The court noted that its conclusion was supported by an earlier California appeals court ruling in 2000 in Pardee Construction Co. v. Insurance Co of the West. In Pardee, the Califonia court had examined the evolution of the endorsement language to find that the phrase "ongoing operations" demonstrated the intent to provide coverage to an additional insured only for liability that arises while work is still in progress.
"Without such clearly limiting language, the coverage could be interpreted as extending to completed operations. This would allow a contractor who is an additional insured to be indemnified for damages arising from a subcontractor's work even if it is not discovered for years," the court said.
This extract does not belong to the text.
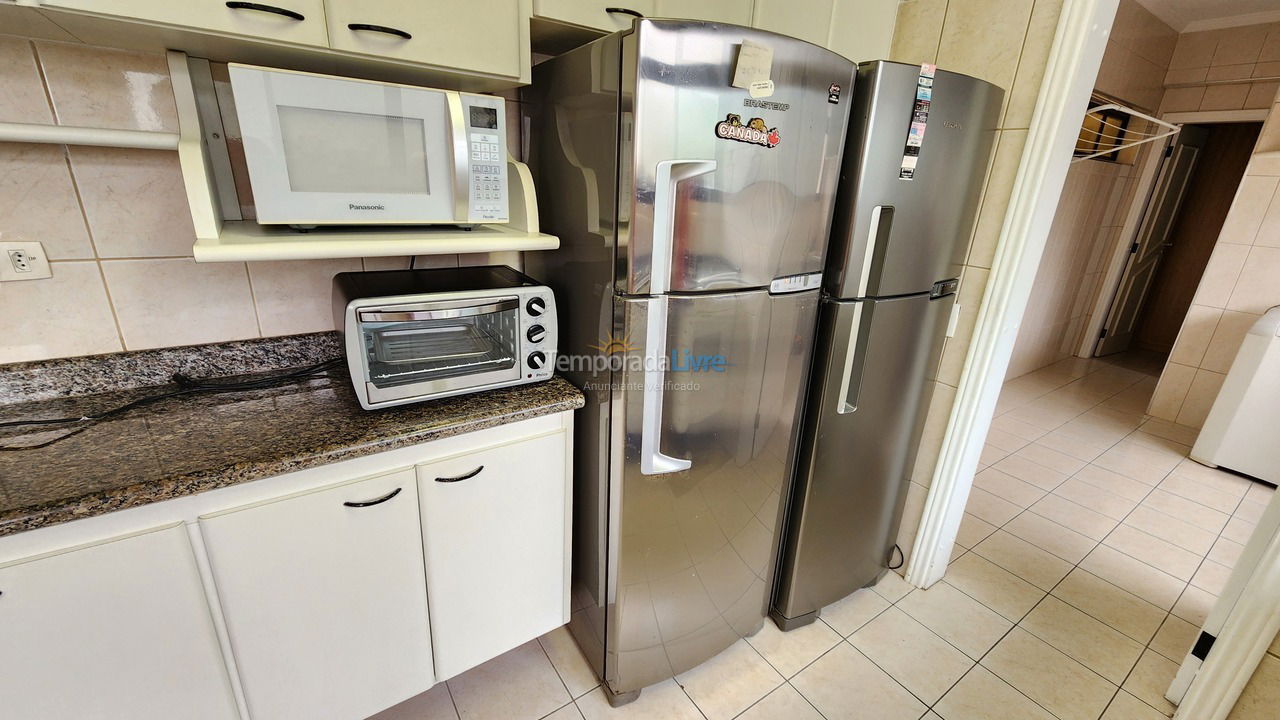 Apartamento para alquiler de vacaciones em Guarujá (Pitangueiras)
Despite creating a differing opinion on this issue for the state of Washington, the appeals court in the Hartford Insurance case left open the possibility that "completed" damages which were incurred during the "ongoing operations" period could be covered by the endorsement.
The court also discussed coverage for defense costs, noting that factual allegations determine whether the insurer that provides a policy with an additional insured endorsement must tender a defense for the additional insured for claims that did not arise out of the policyholder's ongoing operations.
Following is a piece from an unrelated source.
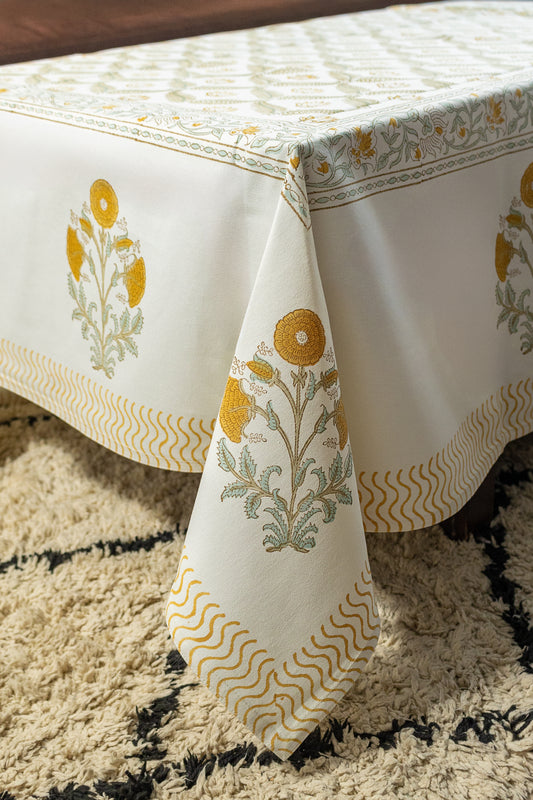 Kalpalata Lotus -  Table Cover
In this particular case, the complaint against the additional insured--the developer--brought by a condo association alleged only "construction defects." The complaint "did not specifically allege liability arising from the work of subcontractors while it was still in progress," the court said.
In addition, the court noted that the insurer in this case refused coverage in a letter stating that the named insured subcontractor's work was completed and accepted by the developer before the condo owners took ownership of their units.
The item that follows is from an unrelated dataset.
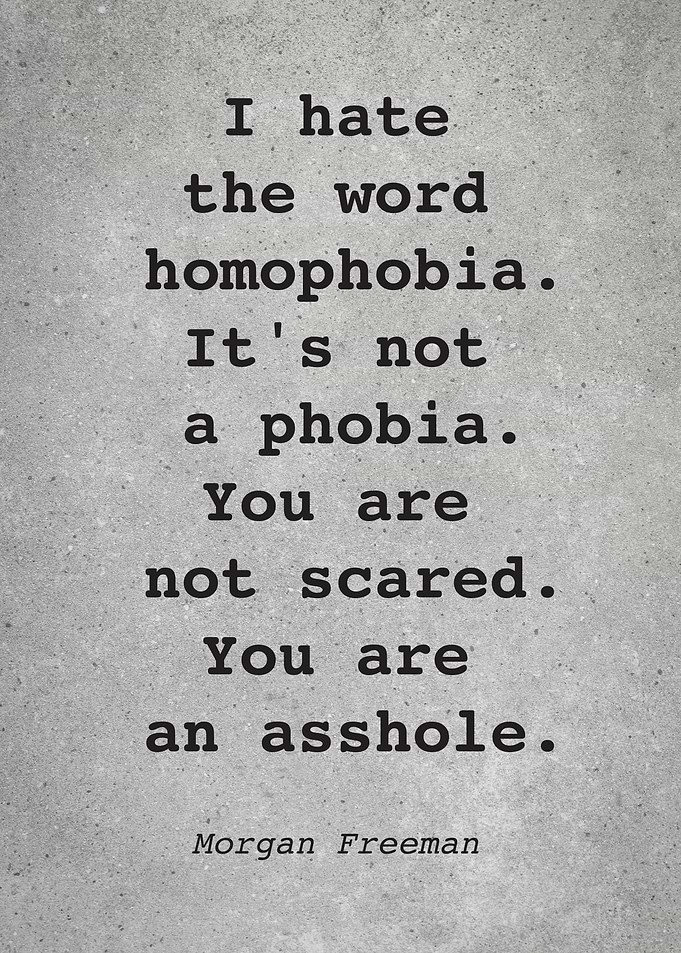 Morgan Freeman Quote L005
Thus the debate and confusion on the application of the additional insured language will continue to evolve and develop, leaving many risk managers trying to determine what protection they may have from this provided coverage. This issue will continue to grow as an increasing amount of losses will arise from completed projects which utilized this endorsement edition.
Unfortunately, the changing interpretation of the additional insured endorsement is not being limited to case law. A majority of states have created anti-indemnity statutes, which define the scope of legal liability that one party may transfer to another in a contract. However, many jurisdictions have recently applied new standards on their anti-indemnity statutes that also apply to additional insured endorsements.
Despite continued arguments that these risk-transfer tools are separate and distinct from each other, the legislators and courts in several jurisdictions--such as Colorado, Oregon, New Mexico and Montana--have linked anti-indemnity statutes to also apply to potentially broadly worded additional insured endorsements.
In many cases, this result has left many contractors without any typical risk-transfer tools due to both the indemnification agreement and additional insured endorsement being nullified because of their violation of the anti-indemnity statute.
For risk managers to accurately evaluate their exposures from the use of certain additional insured endorsement wording, they must continue to keep abreast of the changing case law and the broader application of anti-indemnity statutes.
This process should also include constant legal reviews of jurisdictions where construction projects have and will be completed. In addition, proactive management of losses and effective strategies in the pursuit of risk transfer enforcement will be vital.